Richard_Wagner_by_Caesar_Willich_ca_1862 (c) Wiesbaden Marketing

Germany is known as a land of great composers. Their works can be heard around the world – and not least of all in concert halls, churches and cathedrals throughout Germany’s historic cities.

Significant musical history was written by Johann Sebastian Bach. His family lived for years in Erfurt.

This composer from the period of Baroque is recalled by a tour called “Following Bach through the City”. Every year, Erfurt also hosts the “Thüringische Bachwochen” (Thuringian Bach Weeks) – an excellent tradition that offers much for music lovers.

Brahms composed his “Third Symphony” in Wiesbaden, and Wagner worked on his opera “Die Meistersinger of Nürnberg” (The Mastersingers of Nuremberg) in a nearby villa on the Rhine River.

Wolfgang Amadeus Mozart also has roots in Germany’s Historic Highlights cities. His father, Leopold Mozart, was born in Augsburg in a house that is still standing and houses a museum.

Consequently Augsburg is understandably proud of its Mozartian heritage. So much so, that the ‘Mozart@Augsburg’ festival celebrates its musical Mozart heritage in Germany´s Mozart city.

Since 1921, Würzburg has been hosting an annual Mozart Festival at its famous Würzburg Residence, a UNESCO world heritage site. The festival is one of the leading music festivals in Germany and many internationally renowned artists have performed here over the years.

Although Bonn, just to the north, is better known as the birthplace of Ludwig von Beethoven, the world’s largest private Beethoven exhibition is in Koblenz. It was in the house at Wambachstrasse 204 that the composer’s mother, Maria Magdelena, was born in 1746.

Today, the “Mutter-Beethoven-Haus” (Mother-Beethoven-House) also houses documents and letters of cultural figures of the period.



Wagner (c) WICM

Richard Wagner’s opera “Die Meistersinger von Nürnberg” (The Mastersingers of Nuremberg) drew its material from the German music history and refers to the minnesang of the so-called “Meistersinger” (mastersingers).

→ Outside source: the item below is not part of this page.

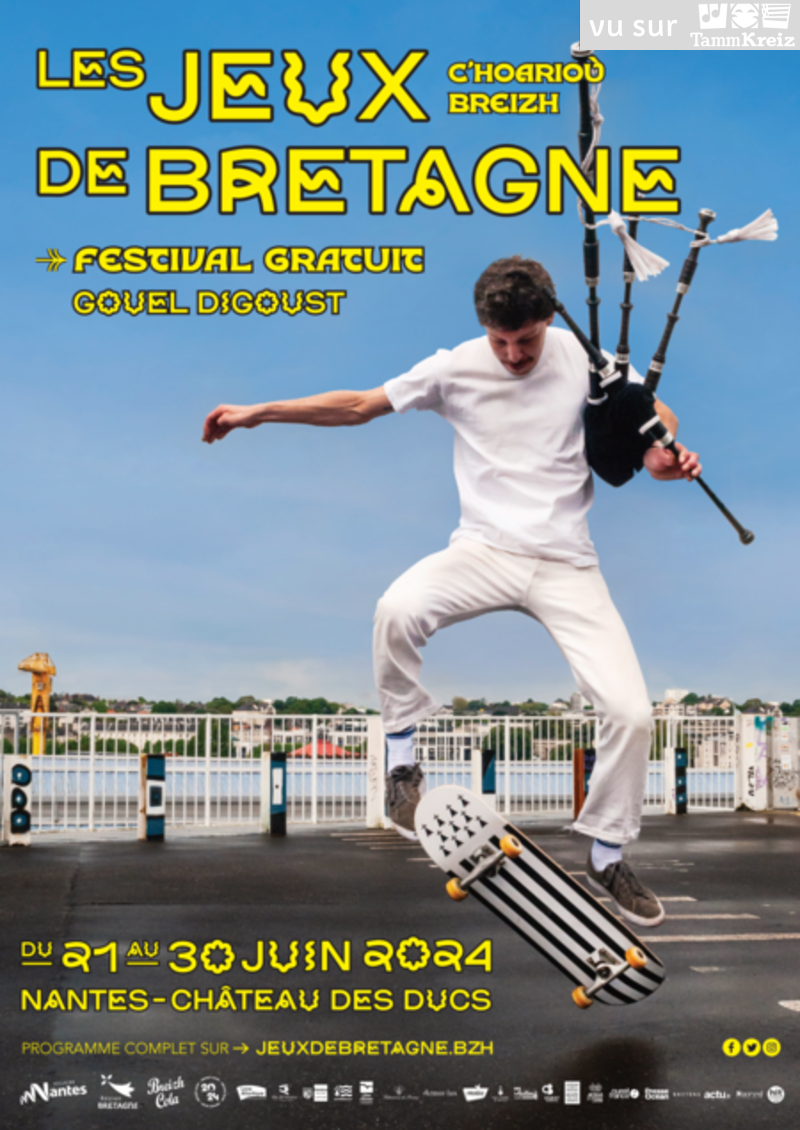 Concert à Nantes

In order to be able to compose in peace, Wagner moved into the country house “Villa Annica” at the bank of the Rhine river in Wiesbaden-Biebrich. From the large living room, he was able to see the baroque “Schloss Biebrich” (Biebrich Castle). The visits to the casino and to the theater in Wiesbaden were a welcome change for him. The overture of the “Meistersinger” was finally created.

To this day, the Richard Wagner Park in Wiesbaden represents Wagner’s original plans of creating an opera house there. However, this project was eventually realized in Bayreuth. Wagner also had a significant influence on the local woodwind manufacturer Wilhelm Heckel. He followed the wishes of the composer and built a baritone-oboe for him – the “Heckelphon” became worldfamous.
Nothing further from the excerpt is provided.